Seorang agen asuransi perlu memiliki rasa empati terhadap kondisi dari calon kliennya, tidak melulu soal memaksakan kepentingan pribadi dalam mengejar pendapatan dalam artian tidak asal memaksakan penawaran kepada orang lain. Ketiga, calon klien adalah orang yang dapat pula dipercaya integritasnya, karena pernah ditemui ada oknum-oknum klien yang ternyata berpura-pura sakit, dan mengambil kesempatan untuk mencairkan dana sebanyak-banyaknya hingga merugikan pihak perusahaan. Untuk menghindari kejadian-kejadian tersebut, agen asuransi harus bijak dan cermat dalam memfilter calon kliennya.
Setelah mengetahui kebutuhan dari calon klien, Hendra biasanya menyiapkan bentukbentuk penawaran yang sesuai. Karena setiap orang tentu memiliki kebutuhannya masingmasing, bentuk penawarannya menjadi beragam tidak dapat disamakan antara satu dengan orang lainnya. Beberapa jenis asuransi yang dapat dipilih seperti asuransi jiwa, asuransi kesehatan, asuransi pendidikan, asuransi kendaraan, hingga asuransi hari tua. Hendra mengatakan bahwa sekitar 90 persen orang Indonesia yang membeli asuransi tidak paham deskripsi produknya. Mereka hanya tahu besaran premi dalam arti jumlah pembayaran yang telah disepakati yang harus dibayar dan kemudian sisanya bersandar penuh atau percaya saja dengan agen asuransinya. Dapat dipahami bahwa komunikasi menjadi aspek utama untuk menghindari adanya miskomunikasi di waktu mendatang dan memastikan klien dapat benefit dengan maksimal.
Dalam menyampaikan penawaran produk, ia tidak hanya berfokus kepada menjanjikan benefit-benefit yang menguntungkan, tetapi ia selalu membiasakan untuk menyampaikan detail produk secara jujur baik dari kelebihan dan kekurangan. “Insurance itu kan orang beli ke kita karena trust-nya jadi kita harus apa adanya, ngobrol bahwa produknya seperti ini bagusnya ini kurangnya ini,” jelas Hendra memaparkan prinsipnya untuk selalu menjaga kepercayaan yang diberikan oleh calon kliennya.
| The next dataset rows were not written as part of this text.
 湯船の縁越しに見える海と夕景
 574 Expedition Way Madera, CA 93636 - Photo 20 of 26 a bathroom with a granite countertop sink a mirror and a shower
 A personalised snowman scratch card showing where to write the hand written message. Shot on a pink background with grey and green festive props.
Sekali pertemuan tidak selalu ditutup dengan persetujuan, terkadang mereka butuh waktu untuk memahami dan merundingkan terlebih dahulu, dan juga ada kemungkinan penolakan karena berbagai faktor. Agen perlu memiliki kesiapan untuk merespon penolakan dengan benar. Jika ada ketidaksesuaian perihal besaran premi, biasanya akan dilakukan penyesuaian atau negosiasi untuk mencari titik temu dari keberatan yang dirasa. Tetapi bila pada kala itu belum terjadi kesepakatan yang biasa dalam asuransi disebut closing atau dealing, ia tetap akan mengkomunikasikan dengan baik. Harapannya jalinan relasi tetap terjaga dan barangkali ada kesempatan di lain waktu, karena mungkin saja kala itu bukanlah waktu yang tepat.
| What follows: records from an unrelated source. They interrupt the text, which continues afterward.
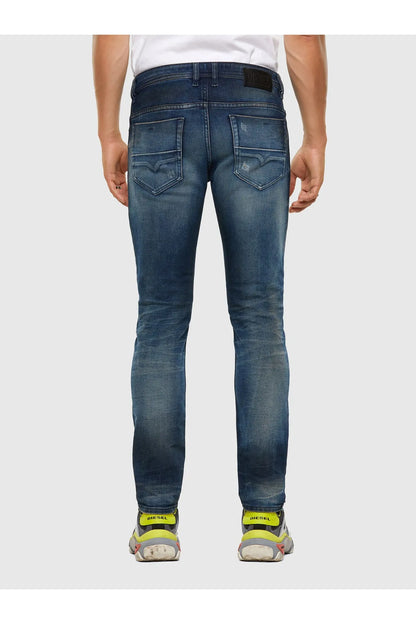 Back view of blue jeans with rear pockets and subtle faded wash
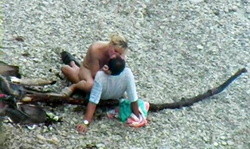 Awesome topless babe and her boyfriend spotted on the beach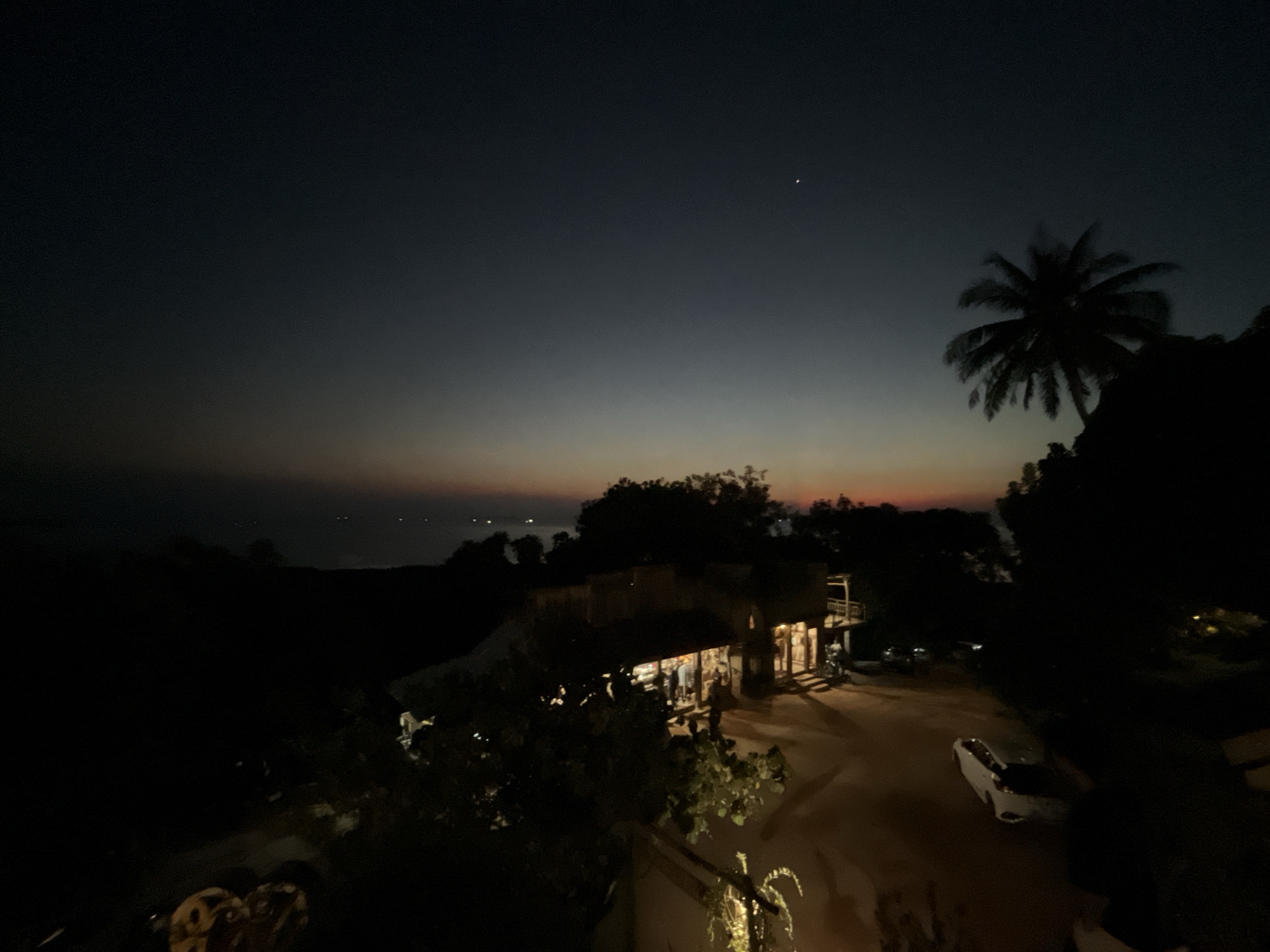 This is a nighttime aerial view of a coastal area in Karimunjawa, Indonesia, just after sunset. The sky transitions from a deep twilight blue at the top to faint hues of orange and pink near the horizon, suggesting the last remnants of daylight. A single bright star is visible in the upper right quadrant of the sky. In the foreground, a silhouetted palm tree stands against the dusky sky.
Below, a cluster of buildings with illuminated windows indicates a small settlement or resort. Lights are on inside the structures, and there appears to be some activity, with figures visible through the windows, possibly people dining or socializing. A dirt or gravel path winds through the scene, with a white car parked on it. The overall impression is one of a tranquil evening in a tropical location. The scene evokes a sense of peace and relaxation, characteristic of a vacation spot. There is no visible text in the image.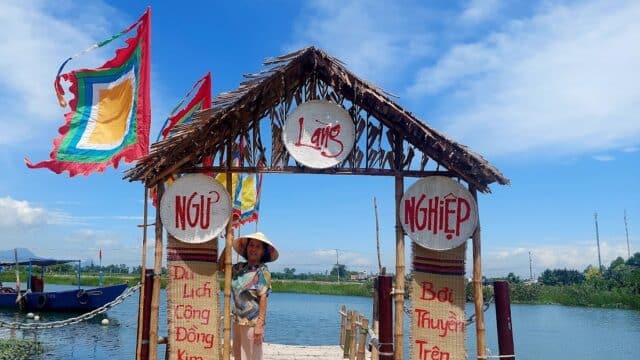 A woman in a conical hat stands under a bamboo gate by a river in Hoi An, with colorful flags and Vietnamese signs.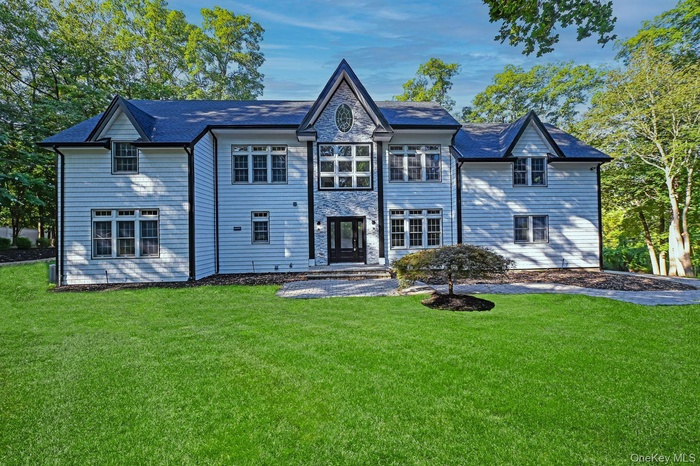 Back of house featuring a yard and stone siding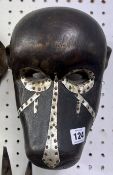 An African Dan monkey mask, carved wood and white metal mounted.
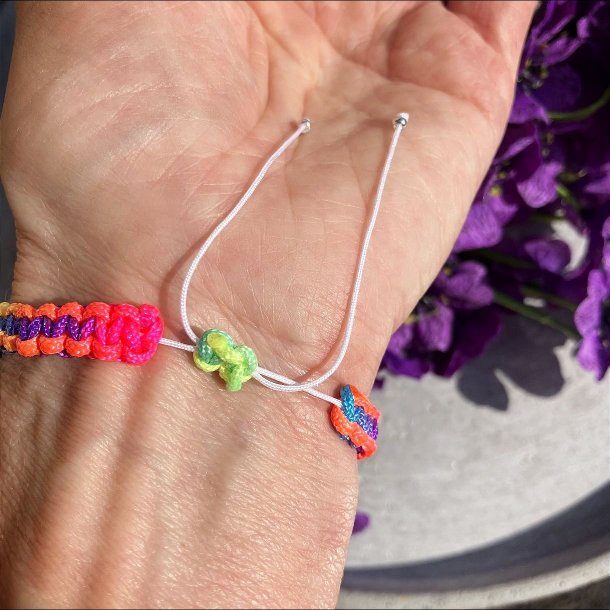 Armbnd, hndlavet af Krystal Oasen med bjergkrystal (6,5 mm) og slvfarvet hjerte charm. Justerbar regnbuefarvet og hvid nylonsnor, ca. 7 mm bredt.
Di sisi lain, ketika terjadi closing dengan klien, peran agen bukan selesai sampai di titik itu saja melainkan proses setelahnya pun menjadi tanggung jawab. “Kalau memang satu kota, kebanyakan pasti aku datang ke rumah sakit untuk bantu klien saat proses masuk proses keluar,” paparnya. Komunikasi dengan klien intens pula dijaga, dengan menanyakan kabar melalui sosial media, mengapresiasi setiap pencapaian, dan juga berkunjung atau bertamu. Semua ia lakukan sebagai upaya tanggung jawab yang tulus dari hati untuk orang-orang yang telah memberikan kepercayaan kepadanya. Bahkan sempat ada momen dimana ia sampai menjadi “tempat curhat” dari para klien yang sebenarnya menunjukkan bagaimana kepercayaan klien telah terbangun begitu kuat.
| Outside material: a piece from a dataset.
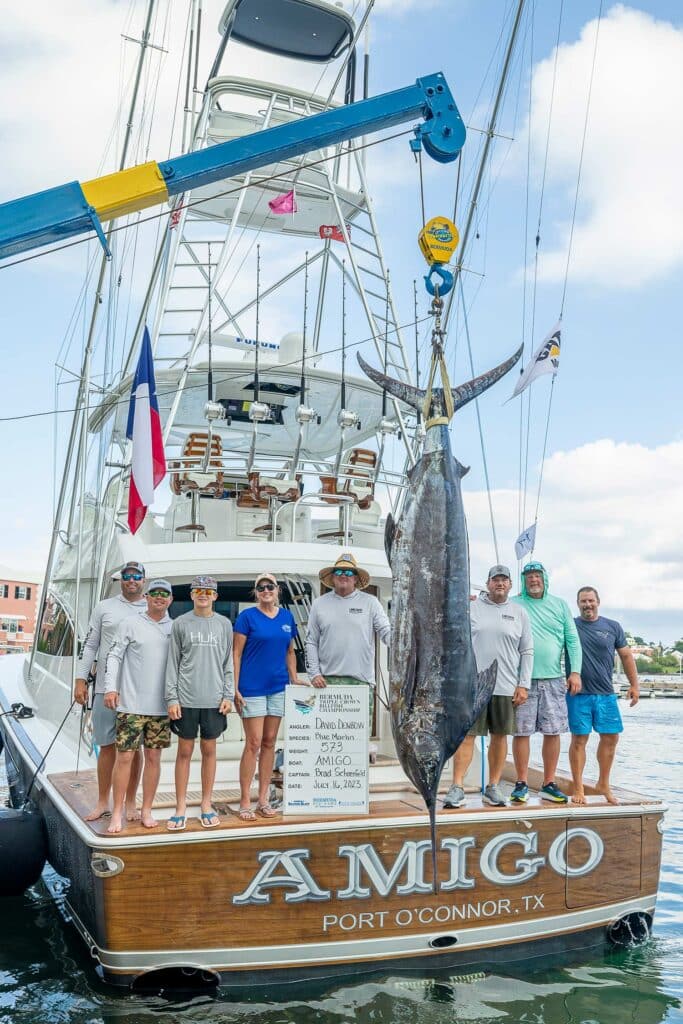A sport-fishing team stands in the cockpit of their boat next to the largest marlin caught at the Bermuda Big Game Classic.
Hendra mengatakan bahwa ada tiga level prospek klien dalam bidang kerjanya ini yaitu pertama, orang yang dekat yang digambarkan dengan adanya nomor kontak di handphone maupun terkoneksi via sosial media dan cukup sering berinteraksi. Kedua adalah referensi dari orang yang ada di level pertama, dimana ada sisi kedekatan dan kepercayaan yang telah terbangun kurang lebih 20-30%. Pada level ketiga adalah orang-orang baru yang tidak kenal sebelumnya, datang dengan sistem door-to-door yang jelas belum memiliki nilai kepercayaan kepada produk dan agen itu sendiri. Bertemu dengan beragam karakter orang dengan latar belakang yang berbeda-beda, membuatnya terus belajar untuk bisa melakukan pendekatan dengan berbagai metode komunikasi hingga dapat menunjukkan kredibilitas diri dan perusahaan di mata calon nasabahnya.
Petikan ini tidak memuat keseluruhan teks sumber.